Tuesday, May 23, 2017

Salvation from Sin (2): Christ saves from the dominion of sin

In this section, Colquhoun shows the connectedness of justification, which Christ has won for his people, with their deliverance from the dominion of sin and the sanctifying work of the Holy Spirit. Sin no longer reigns over believers because the curse of the law as a covenant has been removed at the cross in the death of Jesus, our Surety. To paraphrase Romans 6:7, for he who has died in Christ is justified from sin

As Paul also writes in 1 Corinthians 15:56-57, The sting of death is sin, and the power of sin is the law. But thanks be to God, who gives us the victory through our Lord Jesus ChristAnd therefore, ...sin will have no dominion over you, since you are not under law [as a covenant] but under grace [as a covenant] (Romans 6:14). The reign of sin exists only where the law as a broken covenant exists.

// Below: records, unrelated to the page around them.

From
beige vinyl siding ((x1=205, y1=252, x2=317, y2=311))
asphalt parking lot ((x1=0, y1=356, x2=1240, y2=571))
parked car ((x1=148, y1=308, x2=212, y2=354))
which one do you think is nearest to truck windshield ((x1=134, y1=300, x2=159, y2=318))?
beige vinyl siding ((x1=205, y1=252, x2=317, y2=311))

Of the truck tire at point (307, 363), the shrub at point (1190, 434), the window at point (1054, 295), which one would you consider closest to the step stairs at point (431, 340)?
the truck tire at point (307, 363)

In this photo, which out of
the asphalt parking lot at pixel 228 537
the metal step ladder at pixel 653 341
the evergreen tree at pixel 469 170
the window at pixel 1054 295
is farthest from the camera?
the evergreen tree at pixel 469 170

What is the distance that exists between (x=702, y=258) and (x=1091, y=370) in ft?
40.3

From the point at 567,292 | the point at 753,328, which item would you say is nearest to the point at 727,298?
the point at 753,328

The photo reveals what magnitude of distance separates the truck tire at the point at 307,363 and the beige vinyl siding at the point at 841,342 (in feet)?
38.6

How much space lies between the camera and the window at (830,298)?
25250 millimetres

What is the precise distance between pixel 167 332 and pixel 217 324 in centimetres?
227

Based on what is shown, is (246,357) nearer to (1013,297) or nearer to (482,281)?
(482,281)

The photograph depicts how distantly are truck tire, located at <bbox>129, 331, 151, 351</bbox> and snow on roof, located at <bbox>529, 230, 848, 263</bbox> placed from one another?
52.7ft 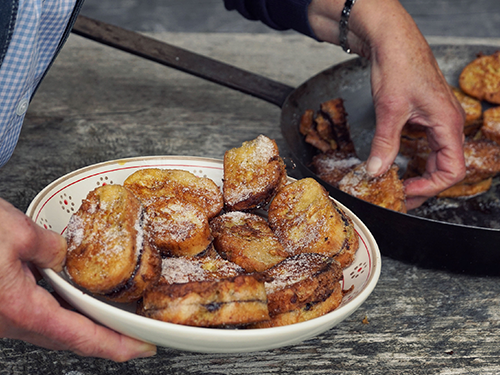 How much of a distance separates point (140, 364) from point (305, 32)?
1.68m

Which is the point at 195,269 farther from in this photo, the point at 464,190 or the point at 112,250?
the point at 464,190

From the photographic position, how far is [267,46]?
12.3 ft

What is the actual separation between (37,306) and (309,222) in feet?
2.32

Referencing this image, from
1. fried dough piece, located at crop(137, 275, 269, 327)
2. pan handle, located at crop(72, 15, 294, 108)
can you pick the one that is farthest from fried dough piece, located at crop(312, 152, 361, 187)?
fried dough piece, located at crop(137, 275, 269, 327)

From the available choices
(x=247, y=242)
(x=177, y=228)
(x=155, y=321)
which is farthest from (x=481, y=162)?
(x=155, y=321)

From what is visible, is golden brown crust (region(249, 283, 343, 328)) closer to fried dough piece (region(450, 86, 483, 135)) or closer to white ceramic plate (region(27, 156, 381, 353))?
white ceramic plate (region(27, 156, 381, 353))

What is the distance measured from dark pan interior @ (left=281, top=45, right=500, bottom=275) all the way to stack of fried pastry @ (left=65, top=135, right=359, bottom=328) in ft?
0.95

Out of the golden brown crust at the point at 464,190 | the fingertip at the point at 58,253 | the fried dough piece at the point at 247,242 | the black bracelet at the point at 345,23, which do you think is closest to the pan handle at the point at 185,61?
the black bracelet at the point at 345,23

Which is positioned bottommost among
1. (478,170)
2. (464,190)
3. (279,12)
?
(464,190)

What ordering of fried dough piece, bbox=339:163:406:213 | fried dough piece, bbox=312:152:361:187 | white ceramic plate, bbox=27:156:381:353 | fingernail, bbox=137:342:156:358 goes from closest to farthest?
white ceramic plate, bbox=27:156:381:353 → fingernail, bbox=137:342:156:358 → fried dough piece, bbox=339:163:406:213 → fried dough piece, bbox=312:152:361:187

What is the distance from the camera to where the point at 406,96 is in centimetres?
188

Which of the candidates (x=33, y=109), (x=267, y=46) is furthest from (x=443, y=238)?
(x=267, y=46)

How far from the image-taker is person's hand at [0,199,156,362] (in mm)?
910

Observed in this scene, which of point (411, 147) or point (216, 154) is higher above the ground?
point (411, 147) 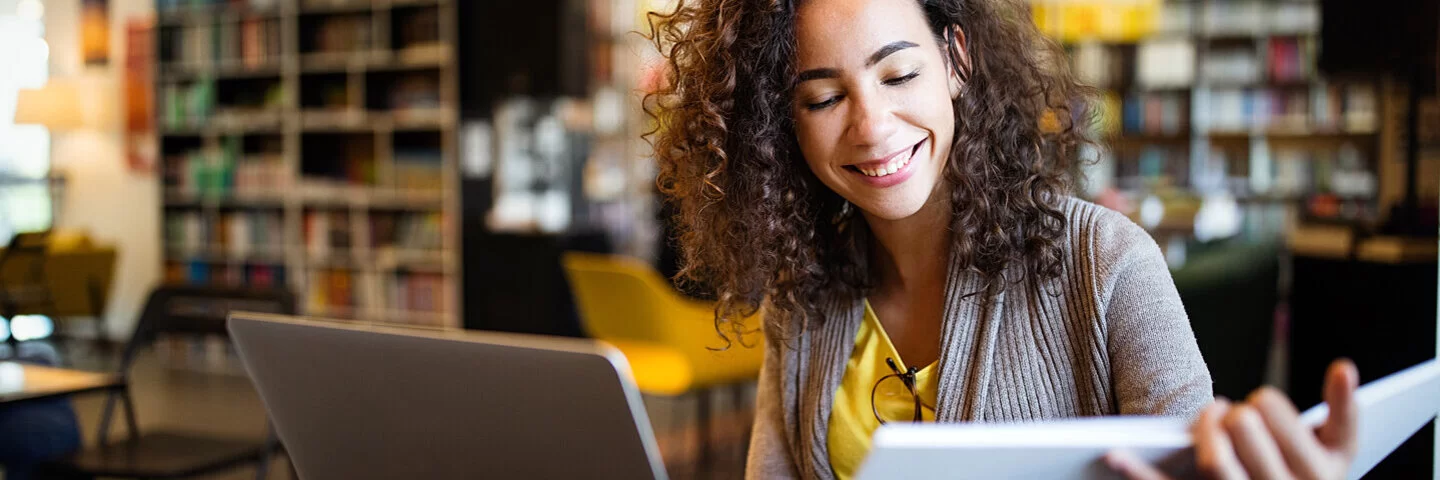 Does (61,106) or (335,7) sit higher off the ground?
(335,7)

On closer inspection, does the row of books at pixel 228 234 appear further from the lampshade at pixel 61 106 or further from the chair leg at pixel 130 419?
the chair leg at pixel 130 419

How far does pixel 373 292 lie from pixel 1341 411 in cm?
602

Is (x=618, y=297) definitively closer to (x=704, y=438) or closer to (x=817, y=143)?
(x=704, y=438)

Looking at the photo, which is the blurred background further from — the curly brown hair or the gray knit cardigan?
the gray knit cardigan

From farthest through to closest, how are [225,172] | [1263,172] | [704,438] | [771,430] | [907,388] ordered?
1. [225,172]
2. [1263,172]
3. [704,438]
4. [771,430]
5. [907,388]

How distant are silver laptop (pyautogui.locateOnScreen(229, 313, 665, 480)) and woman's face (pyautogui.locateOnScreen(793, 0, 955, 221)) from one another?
0.44 meters

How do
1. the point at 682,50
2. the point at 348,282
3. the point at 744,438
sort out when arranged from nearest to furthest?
the point at 682,50 < the point at 744,438 < the point at 348,282

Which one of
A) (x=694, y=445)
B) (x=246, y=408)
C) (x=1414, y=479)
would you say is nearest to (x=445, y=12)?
(x=246, y=408)

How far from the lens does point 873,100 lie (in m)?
1.19

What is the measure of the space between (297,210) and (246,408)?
159cm

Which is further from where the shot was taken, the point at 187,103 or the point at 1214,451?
the point at 187,103

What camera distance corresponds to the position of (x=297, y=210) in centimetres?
649

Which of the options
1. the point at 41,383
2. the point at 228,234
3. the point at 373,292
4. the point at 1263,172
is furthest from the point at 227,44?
the point at 1263,172

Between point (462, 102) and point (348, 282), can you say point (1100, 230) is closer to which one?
point (462, 102) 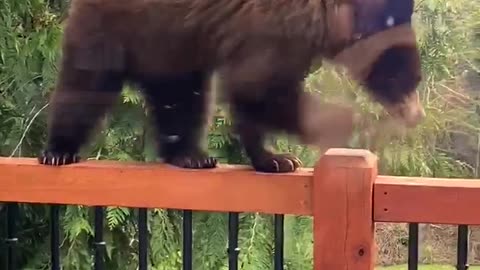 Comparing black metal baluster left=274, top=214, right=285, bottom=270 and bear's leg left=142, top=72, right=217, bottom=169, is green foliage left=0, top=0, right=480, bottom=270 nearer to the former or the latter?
bear's leg left=142, top=72, right=217, bottom=169

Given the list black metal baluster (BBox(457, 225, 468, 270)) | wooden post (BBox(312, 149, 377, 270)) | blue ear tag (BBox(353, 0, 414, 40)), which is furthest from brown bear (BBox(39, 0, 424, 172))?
black metal baluster (BBox(457, 225, 468, 270))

In Christ that law covenant has been satisfied and thus the curse removed and righteousness won for the elect, rendering sin impotent as a ruler in that it no longer carries with it the condemnation of the law and the penalty of death (Romans 8:1-2). Whereas sin reigned over sinners condemned under the law, Christ now reigns over sinners justified under grace. Thanks be to God indeed!
"2d, Jesus saves his people from the dominion or reigning power of sin." He that committeth sin, is the servant of sin." God had told the first Adam, as the federal head of all his natural posterity, that in the day he ate of the forbidden fruit, he should surely die. No sooner did he eat of it than he was punished with the loss of spiritual life; or, in other words, with the loss of the original righteousness of his nature, in which the spiritual life of the soul consists. Now, the corruption of the whole nature, or the dominion of sin in the soul follows as naturally, upon the want of original righteousness, as darkness follows the setting of the sun. Those, therefore, whom God hath appointed to obtain salvation, as they were involved in the guilt of Adam's first transgression as well as others, and consequently born under the condemning power of the law, which, in this sense, is the strength of sin; so they are all born destitute of original righteousness, and subject to the dominion of sin. The condemning power of the law as a covenant, so long as they continue under it, detains them as prisoners, under the reigning power of depravity. No sooner, however, does the Lord Jesus, whose office it is to say to such prisoners, "Go forth!", come and admit them to communion with himself, in his surety-righteousness, than they are delivered from the condemning power of the law, and consequently, from the reigning power of sin. This infinitely glorious righteousness [i.e. imputed righteousness], as it entitles them to the sanctifying influences of the Holy Spirit, so it removes the curse of the law, which formerly stood in the way of those influences, and obstructed their entrance into the soul. Hence are these words of the apostle Paul: "Sin shall not have dominion over you; for ye are not under the law, but under grace," Rom. vi. 14.
"If believers would make more use of the righteousness of the incarnate Redeemer in their approaches to God than they do, they should find that sin would not prevail against them so much as it does." 
- John Colquhoun. Sermon XIV, Salvation from Sin.  
(Bracketed comments and emphasis added) 

1 comment:

  1. Romans 6:7–“For one who has died has been freed from sin. Now if we have died with Christ, we believe that Christ being raised from the dead will never die again; death no longer has dominion over him. For the death He died to sin He died to sin once for all…”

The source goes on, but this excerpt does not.